Give me three levels of logging, 1, 2, and 3, and then warning, and error. Maybe allow to mix and match them, if this makes sense (the typical nomenclature makes them all mutually exclusive, which is dumb).
There are your five levels.
Alternatively, each is a flag in a number so that they can be combined, with FATAL being 1 or 16 depending on priority vs. importance.
I would argue that the names do indeed suffice to tell you their "level" - TRACE is the noisiest, least important, least priority level. DEBUG is next, followed by INFO, WARN, ERROR, FATAL.
Info, Warning, and Error are degrees of Success or Fatal/Severe.
The status would then be logged in a structured manner that shows a facility code, serverity, message.

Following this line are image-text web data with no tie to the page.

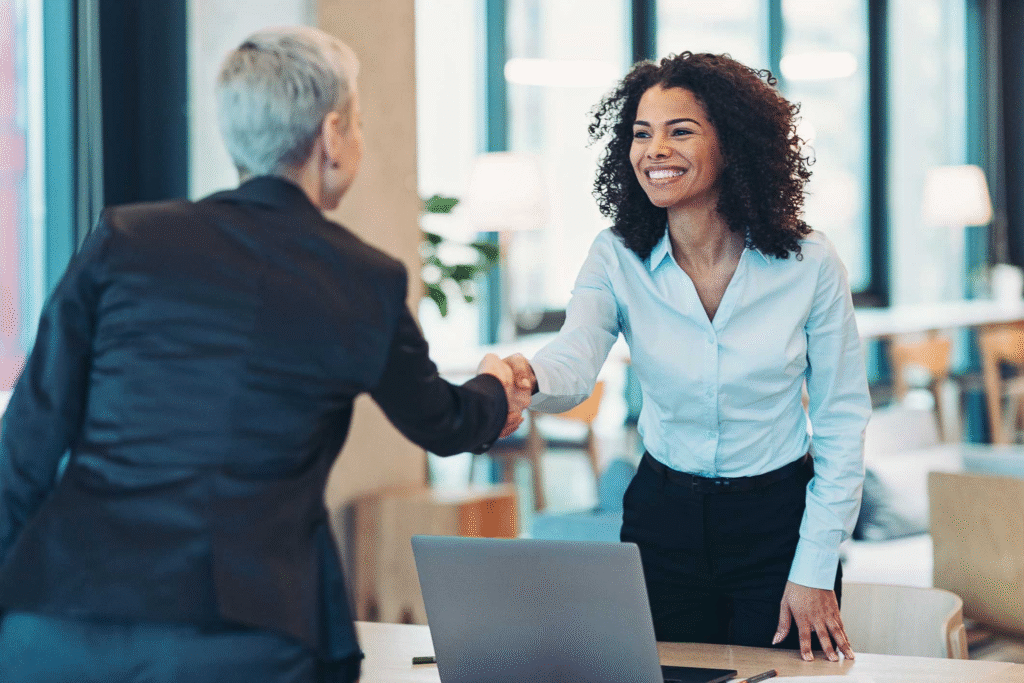 Two people shaking hands as the lady returns to work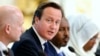 Britain's Prime Minister David Cameron speaks as Britain's Foreign Secretary William Hague, left, and Somali President Hassan Sheikh Mohamud listen at the Somalia conference in London, May 7, 2013.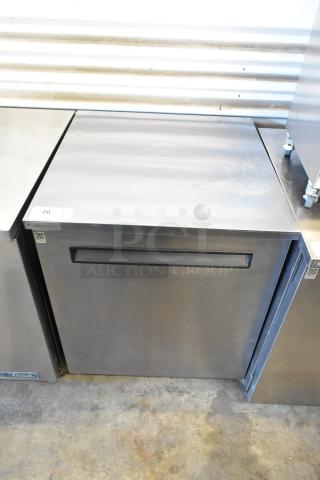 Delfield stainless steel undercounter cooler, single door, on commercial casters, 115 volts, 1 phase, in good condition.
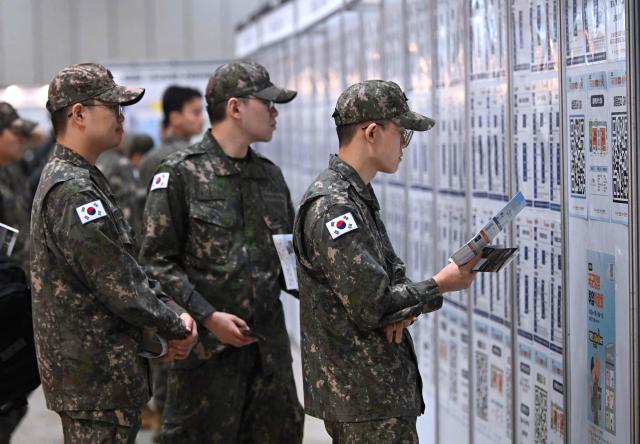 South Korean soldiers look at job opportunities during the annual job fair for soldiers scheduled for discharge, hosted by the South Korean Defence Ministry, at KINTEX exhibition hall in Goyang on April 29, 2026. (Photo by Jung Yeon-je / AFP)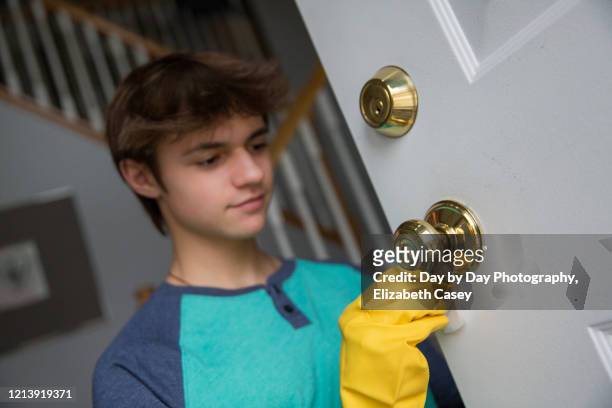 boy wiping doorknob with wet wipe - lakeville minnesota stock pictures, royalty-free photos & images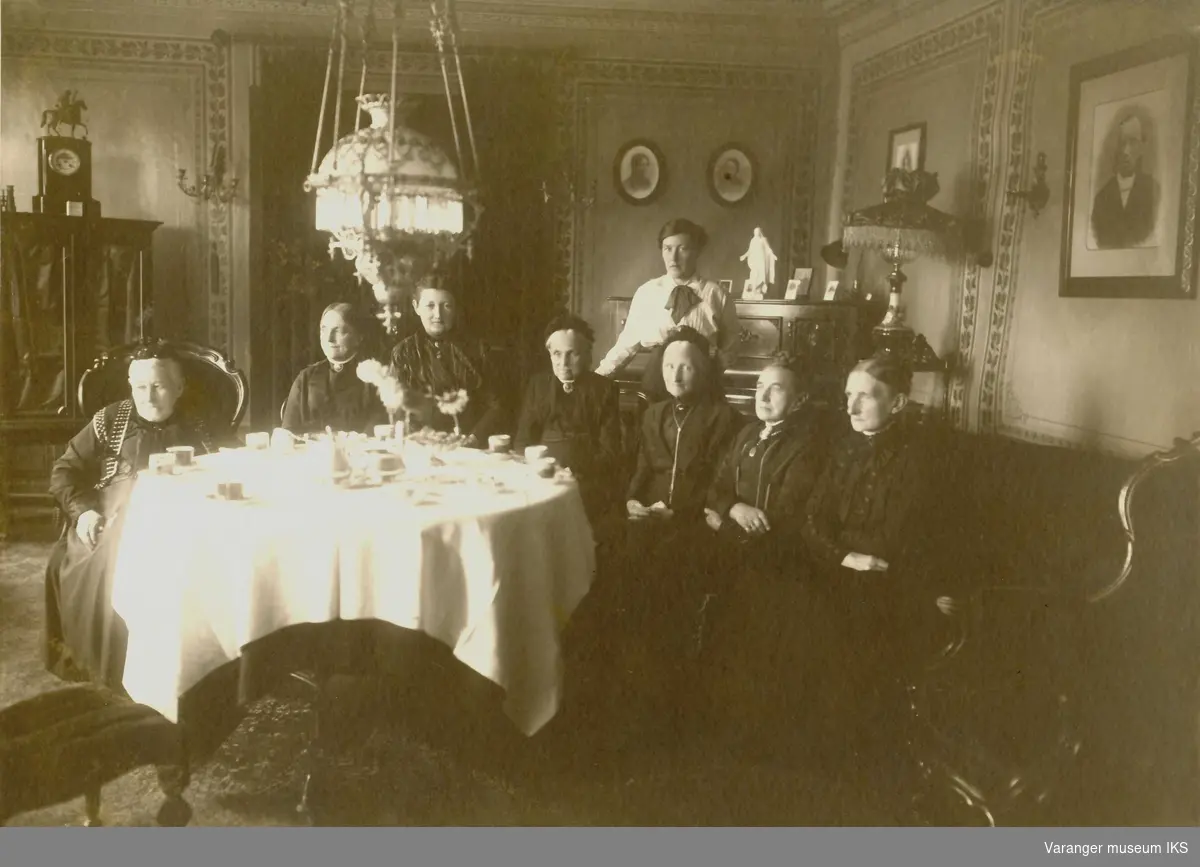 I stuen til Esbensengården i Vadsø sentrum. Ca 1890-1900. Rikka Dahl , Andrea Esbensen, Tora Dahl, ukjent, Ragna Esbensen, Agnete Esbensen, Marlene, Anna Rein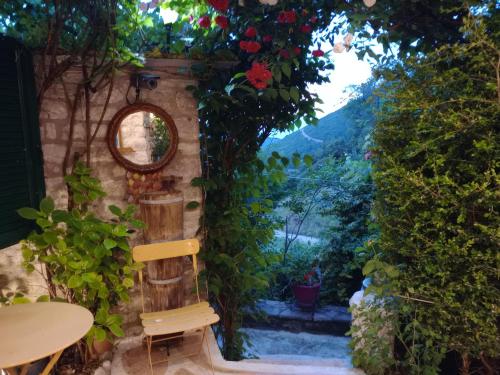 a stone archway with a chair and flowers at Studio Penelope in Kerasochórion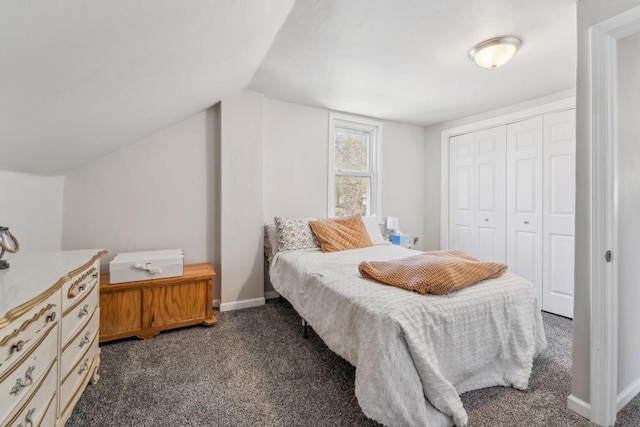 1578 Cass St, Green Bay, WI 54302 - bedroom featuring dark colored carpet, a closet, baseboards, and lofted ceiling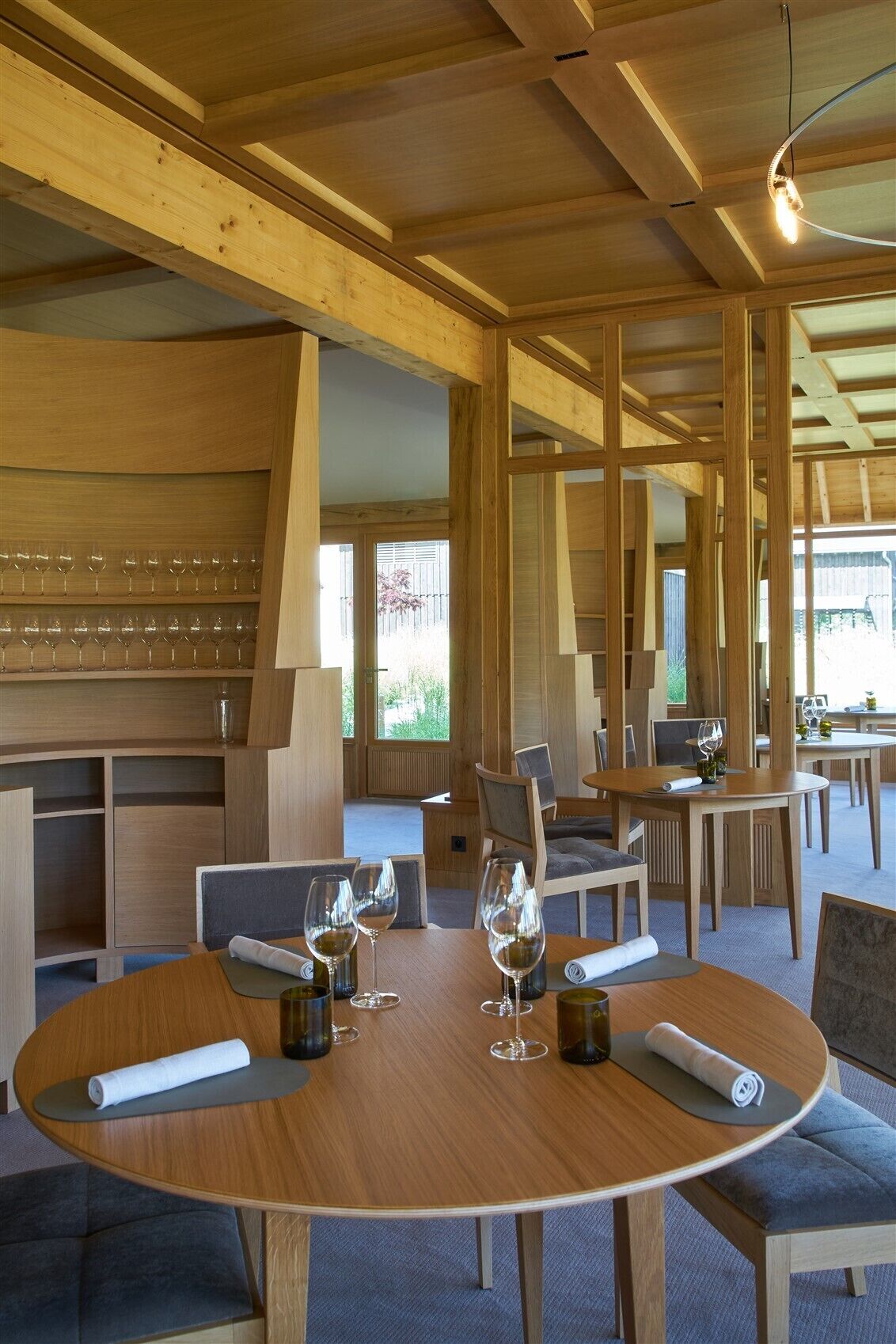 A modern dining area with wooden tables and chairs, glassware, and a view of greenery outside.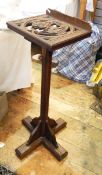 Stained oak adjustable reading/music stand, carved lion and shield, on octagonal column,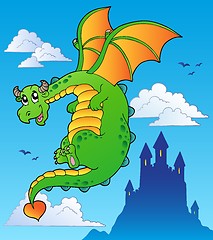 Image showing Flying fairy tale dragon near castle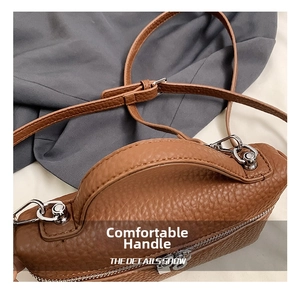 Close-up of caramel pebble leather handbag showing top handle and silver hardware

The multiple levels are nice, especially for logging errors in production and tracking general information of your software. But in development, logging is often about tracking a particular aspect in your code. You need something that logs to a particular aspect that you are working on, and then can turn off that aspect once you move on. In the future, you often find yourself back to debug and need to flip that aspect back on again.
Summary: Log levels of info, warn and error all have a place. Logging to aspects is valuable during development, easy to turn off for production and useful when returning to debug.
We had to roll back an upgrade last month because one nonfatal (but still pretty bad) problem was generating a ridiculous amount of log entries. We had no way to turn it off or throttle it, so we rolled back.
I have fantasized for years about a programming language with a small runtime that supports instrumentation of the code, not just for debugging and profiling, but for logging as well. Logging becomes a set of conditional breakpoints stored with or at least near the code and you can tweak them individually.
Something akin to applying the 80/20 rule to Aspect Oriented Programming.
We fake this by implementing logging frameworks that try to short circuit out cheaply. But it really only pays off if you can marshal the arguments to the logger very cheaply, and you still have problems with third party code, which can't know that you've got workarounds for problems they consider to be fatal, and are therefore so noisy at the WARN or INFO log levels that you can't see your own log entries (Apache Foundation, I'm looking at you).
I meant support for running systems, not local development.
There is a lot more going on with them than you might realize. Not sure how coupled it is to the nodejs/kubernetes/Azure stuff they have built into VSCode, but it seems like a working example of the future. Sorta like time travel debugging in node-chakracore.
Windows has this facility called EWT that lets you setup all sorts of eventing/tracing that is actually not present(the calls) in the code unless the EWT facility injects the code necessary to enable it into the running process. This allows you to dynamically enable and disable event sources based on stuff like.. whether or not something is currently subscribing to it. Worth looking into just for the sheer amazement of it if you are not a Windows developer and familiar with it.